Teague connected on a pair of field goals in the fourth quarter to lift the Midshipmen past Army 27-21 at FedEx Field.
"That's something I've always dreamed of," Teague said. "I'm not going to lie, I'd rather beat Army by four touchdowns. But coming out there today and being able to come out for the team and making those two field goals, it sounds cliché but it's the best feeling in the world. It really is. I can't describe it."
The perfect conclusion capped an up-and-down-and-back-up senior season for Teague, who became the Mids' full-time kicker this season. In the season opener, he set an academy record with a 54-yard field goal.
What followed was anything but perfect. He missed a 35-yard extra point in overtime against Air Force. His field goal attempt was blocked early in a blowout loss to Southern Mississippi and returned for a touchdown. A potentially game-winning field goal was blocked at Rutgers. A game-tying field goal sailed right on the final play of a loss to East Carolina.

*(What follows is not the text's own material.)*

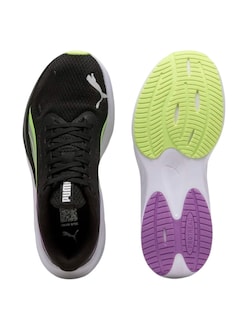 Foto 5 | Tenis Puma Pounce Lite para Mujer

Oh, and those stumbles happened over four consecutive weeks.
Repeatedly, Teague said he couldn't dwell on misses, and that he intended to treat every kick the same. He did just that Saturday, parlaying three strong weeks of practice into a flawless day for the Mids (5-7).
"I'm so happy for him," coach Ken Niumatalolo said before pausing and holding back tears. "I mean, it's just a game. Some of the things that were said about that kid, some personal things that were said about --- these are college students playing football. Some people said things like he committed a crime or something. I'm just so very happy for him."

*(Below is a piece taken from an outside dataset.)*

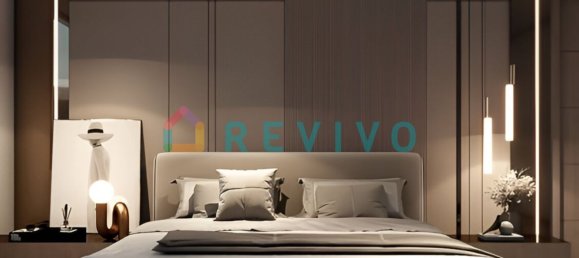 Apartamento de 4 habitaciónes en Sesto Fiorentino, Italy No. 210582 3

Teague's recovery was well underway before Saturday. He made all 14 of his kicks in November (two field goals, 12 extra points) to stabilize what had become a shaky season. Niumatalolo brushed off several questions about whether he would open up a kicking competition.
The truth was Teague was by far the Mids' best option even when he was struggling. Teammates knew it, too.
"He never got down on himself and nobody on this team gave up on him," fullback Alexander Teich said. "Coach didn't give up on him. You didn't see someone else kicking balls. We were going to live and die by Jon Teague. Those two kicks he made today were the biggest two kicks of the entire season. He was ice."
Teague made three extra points --- clanking one in off the right upright --- before being called upon to cap an 18-play drive with a 23-yard field goal with 12:03 remaining. Army (3-9) fumbled away the ensuing kickoff, but Navy mustered nothing to prompt Teague to come back onto the field.
There was little doubt the 44-yarder --- Teague's second longest of the season --- would sail safely through when Teague connected with it.
"I'd say courage is the word I'd describe No. 4-5 today," quarterback Kriss Proctor said. "Offense couldn't get it done, defense got us the ball back and 4-5 went out there and won us the game."
Ultimately, that's what Teague will be remembered for. Not for a record-setting kick in September. Not his struggles in October.
In his program's grandest stage, Teague followed his own advice, treated each opportunity the same and helped the Mids beat their rival for the 10th straight year.
"Bouncing back from the middle of the season, it's always hard," Teague said. "That's the thing with kicking. Obviously, I know all these guys do more physical work than I do, but kicking is at least 90 percent up here in the head. It's definitely a mental game. It's a battle. After the middle of the season, you just had to keep pressing forward. The thing that helped me out the most was my brothers had my back."
Then he had theirs when it mattered the most.